Human Rights Bill

As state parliament returns this week, one of the first major questions facing MPs is whether Queensland should adopt a Human Rights Act.

The Palaszczuk Government’s bid to enshrine 23 human rights in law may sound like an innocuous enough attempt to protect basic rights. In truth, it would shift responsibility for ensuring Queenslanders’ fundamental rights and freedoms from elected governments into the hands of courts and tribunals.

At a time when trust in politicians is at an all-time low, it’s tempting to think our rights would be safer away from the messiness of politics and in the custody of judges who aren’t seeking re-election. 

The problem is that determining the scope of our rights in practice isn’t straightforward. No right is absolute, and the question of which right prevails when two or more conflict can stir passionate debate. To ask the judiciary to routinely step into this debate is to undermine confidence in its independence from political issues—or lead to demands for them to become accountable at elections like politicians themselves. Neither outcome is desirable.

A second problem lies with the nature of the rights set out in the bill. Most people would not argue about those fundamental rights derived from the International Covenant on Civil and Political Rights (ICCPR). These include rights like freedom of expression and equality before the law. If you don’t have these rights, you lack the basics of what it means to be a free human being.

Several of the 23 rights contained in Labor’s bill relate more to the nature of services often provided by the state and the private sector. Consider the rights to education and healthcare. What kind and how much of these vital services are provided by the public is a core issue for elected governments. Both are perennial issues in state and federal election campaigns. They are important, sure, but they are in a different category to the ICCPR rights.

Other so-called rights in Labor’s bill are nothing more than empty platitudes. ‘Cultural rights’ and ‘taking part in public life’ may be fine aspirations for a political stump speech, but it is dangerous to invite judges to activism by including such vague concepts in a bill of rights.

Unlike the United States’ Bill of Rights, Queensland’s Human Rights Bill will not grant courts the power to invalidate legislation found incompatible with those rights. It does, however, force courts to interpret all existing legislation in a manner consistent with them. In New Zealand, this same power has been used by judges to rewrite well-established rules of criminal procedure and evidence in favour of the accused – an astounding overreach which Labor’s bill would make possible here in Queensland.

It’s arguable that the Labor bill’s express purpose is to give legal elites this ability to circumvent Parliament. In its 2016 inquiry report on introducing a Human Rights Act, the Labor-endorsed recommendation stated: “Society is changing at a rapid rate… Consequentially there needs to be a mechanism which allows these (changes) to be addressed.”

This notion that social change can be better addressed through courtrooms than parliament is profoundly misguided. Empowering judges to enter the political fray blurs the separation of powers and weakens democracy.

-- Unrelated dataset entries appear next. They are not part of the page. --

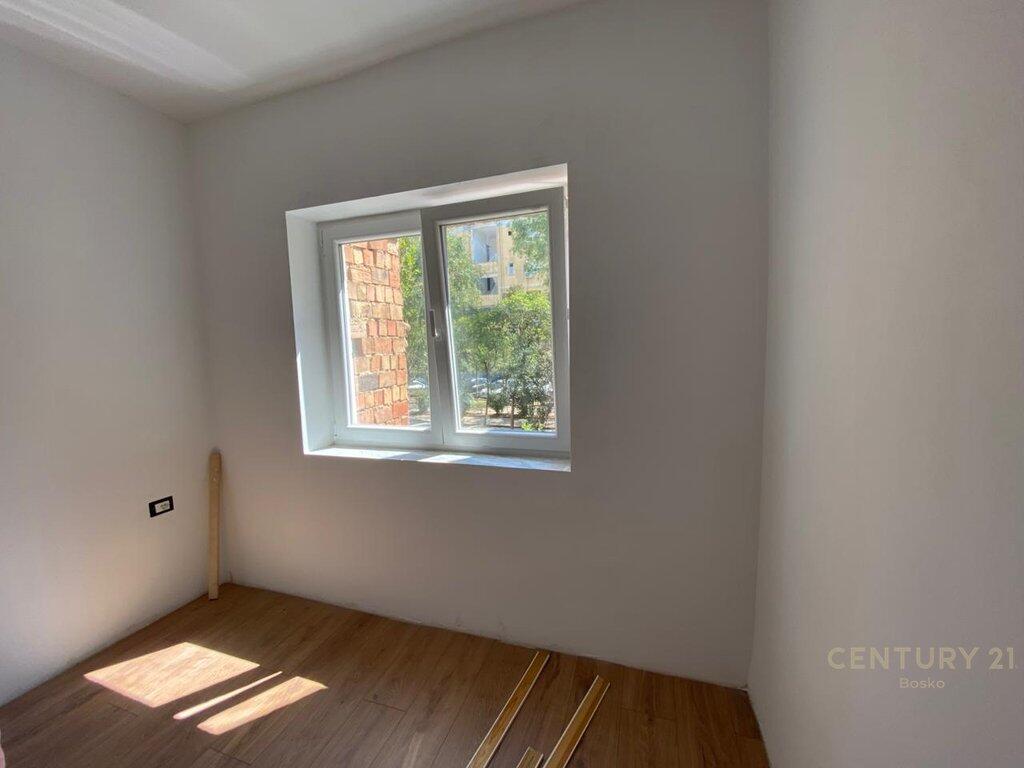 Shitet Garsoniere me Kuzhine te Vecuar ne Don Bosko 75,000 €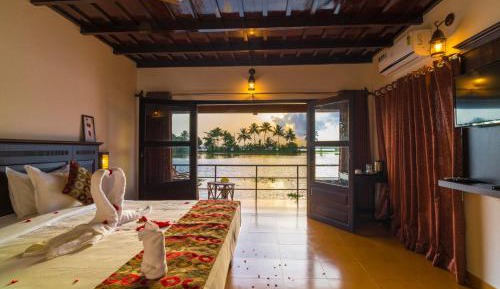 King Room with Balcony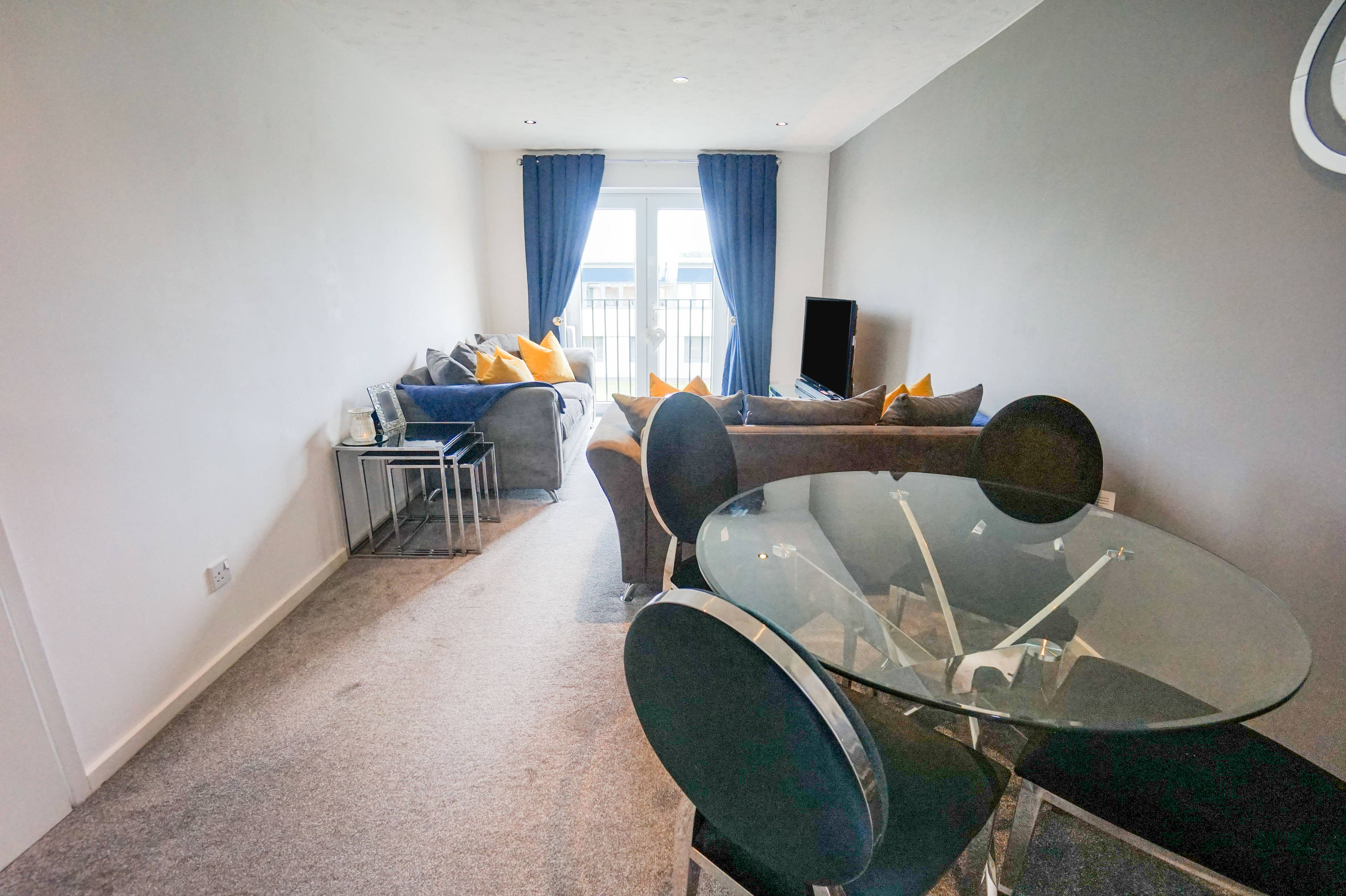Lounge/Dining Room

Perhaps the most compelling reason to reject a bill of rights is that they don’t work. History has shown flagrant breaches of human rights in countries that have a bill of rights; it has also shown improved human rights in countries where there has been none. When nations generously protect the freedoms of citizens, they do it because of the political and social culture, not because they have a bill of rights.

A Human Rights Act is the trifecta of failure: undermining the judiciary by encouraging activism and politicisation, allowing politicians to avoid doing their job, and ultimately, it just doesn’t work.  All it will deliver is a culture of rights entitlement.